The New Kids (1985)

Sean S. Cunningham (the man behind such films like ‘Friday the 13th’, ‘A Stranger Is Watching ‘ and ‘Deepstar Six’) takes a stab at a routine (but gutsy) revenge/vigilante thriller set in the good ol’ south of Florida with a group of feuding teenagers at the core. The plot is familiar in structure, but the bold dialogues and sweaty developments make it rather amusing.

Loren and Abby are brother and sister, who go to live with their uncle Charlie in a small town in Florida, after the death of their parents. Their home would be in a rundown carnival park, which their uncle has plans of restoring. Abby catches the eyes of the psychotic Eddie Dutra and his group of scummy thugs, but after constantly turning down their advancements. The bullying starts to rear an ugly head.

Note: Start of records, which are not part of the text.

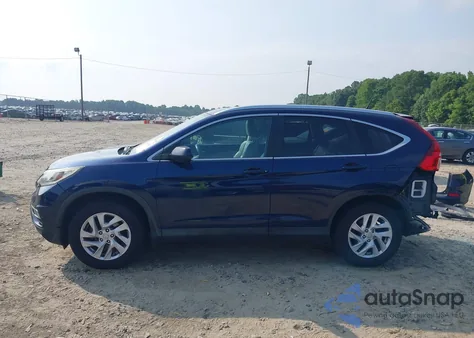 2016 Honda Cr-V Ex-L from USA, damaged, VIN 2HKRM3H76GH501812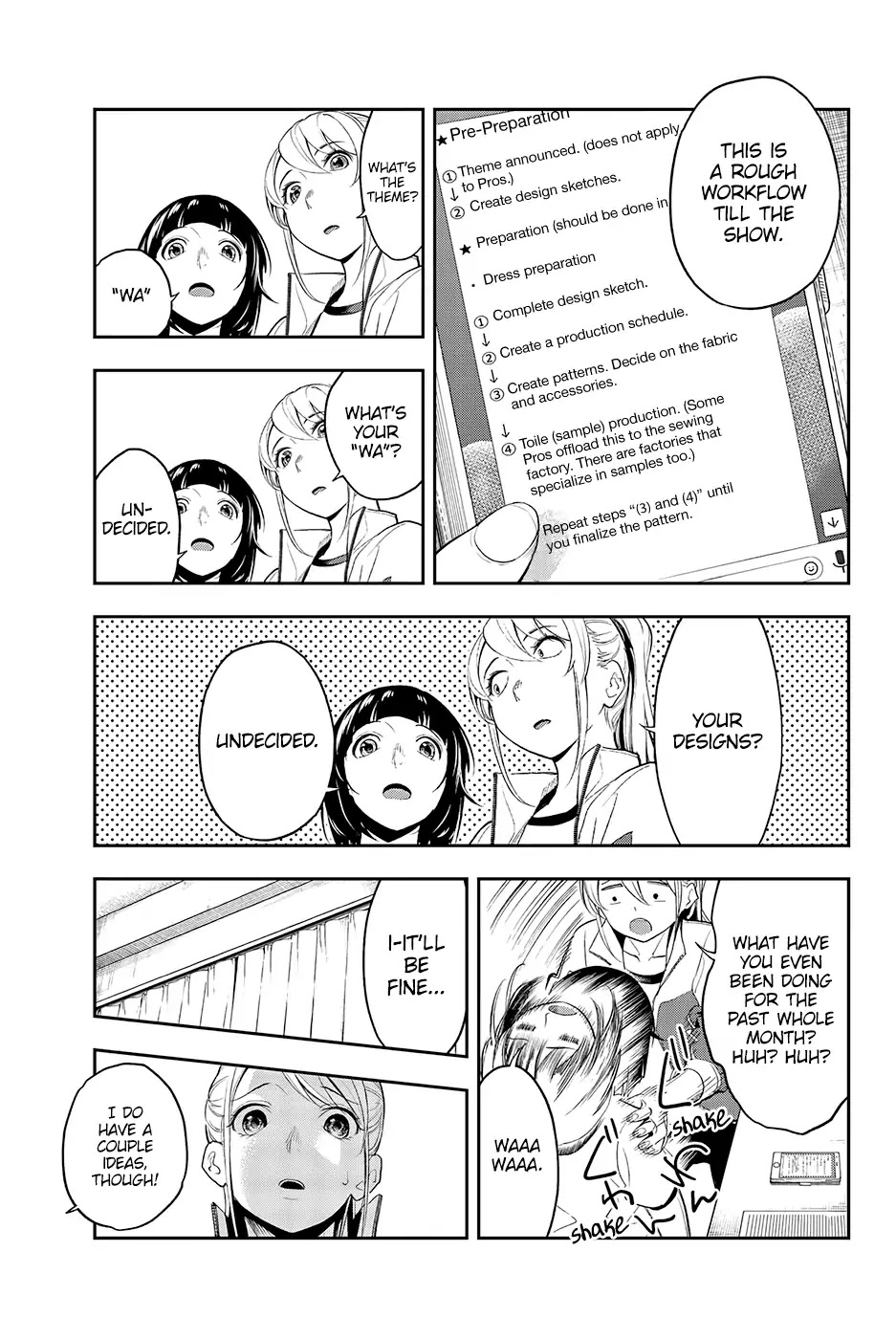 Runway de Waratte Chapter 49 page 10 - Chapter 49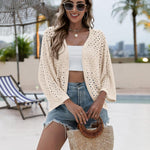 Zeagoo Womens Summer Crochet Cardigan Sweaters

What transcends is sleazy, unsavory and completely nasty, but Cunningham (whose direction is energetically serviceable) pulls it off tremendously well delivering a complete (and versatile) package of humid drama and impulsive action. The tension is pot-boiling, as all these little encounters (with a very dangerous quality streaming through them) go on to spill over in one almighty, gang-busting climax of violent rage set in the amusement park. Even though how all of this eventuates takes some coming to grips with, but as furious exploitation found within this decade (like ‘Class of 1984’) it’s hard to pass. Lalo Schifrin’s textured score pumps along; infusing with the authentically rural atmosphere and the pacing throughout is reasonably zippy.

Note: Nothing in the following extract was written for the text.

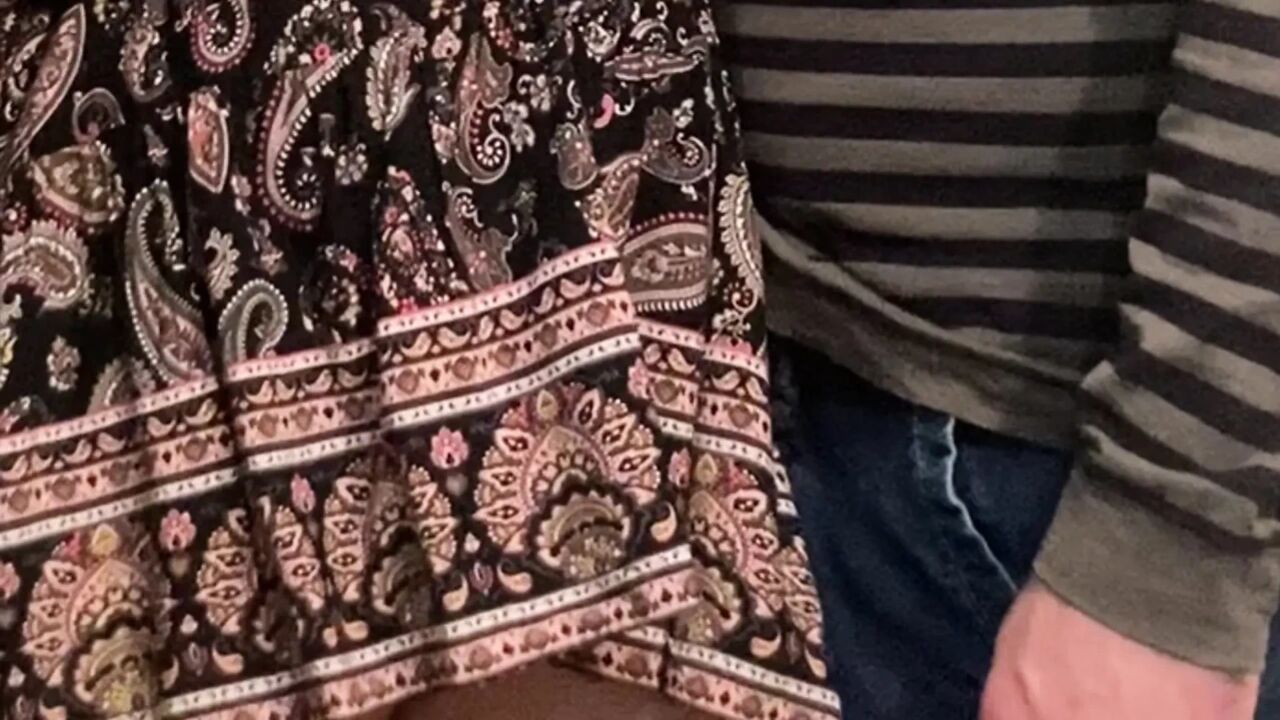 My Boyfriend Let a Pervert Masturbate Me on The Subway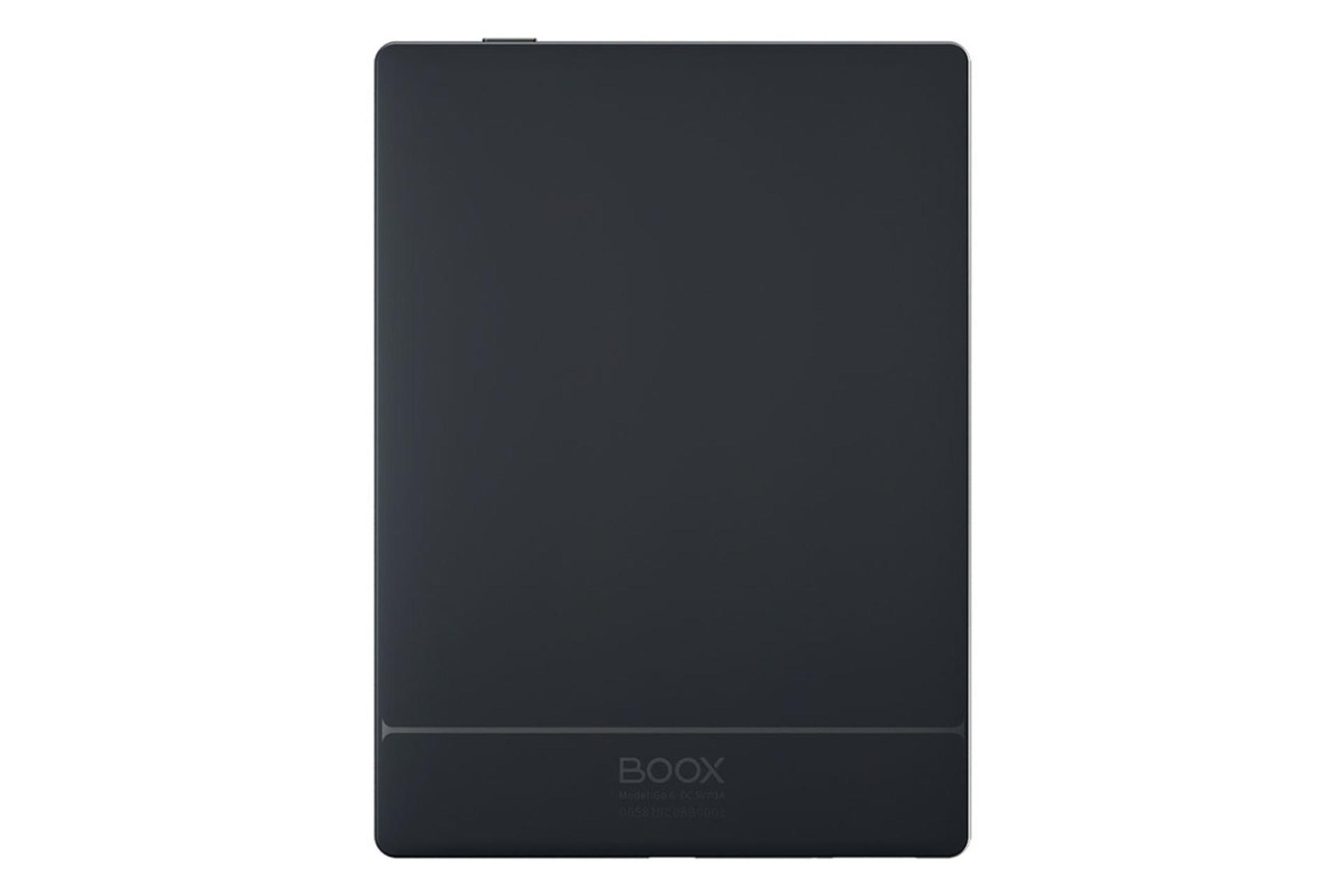 پشت کتابخوان انیکس بوکس ONYX BOOX Go 6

The cast is a strong one and well-suited across the board. The lovely Lori Loughlin and valiant Shannon Presby create supportable characters. While at the other end of the spectrum. James Spader is hard to forget with his slimy, reptilian presence and sudden jolts of violence. Eddie Jones adds a lively colour to his role as Uncle Charlie. In small roles are Eric Stoltz and Tom Aktins.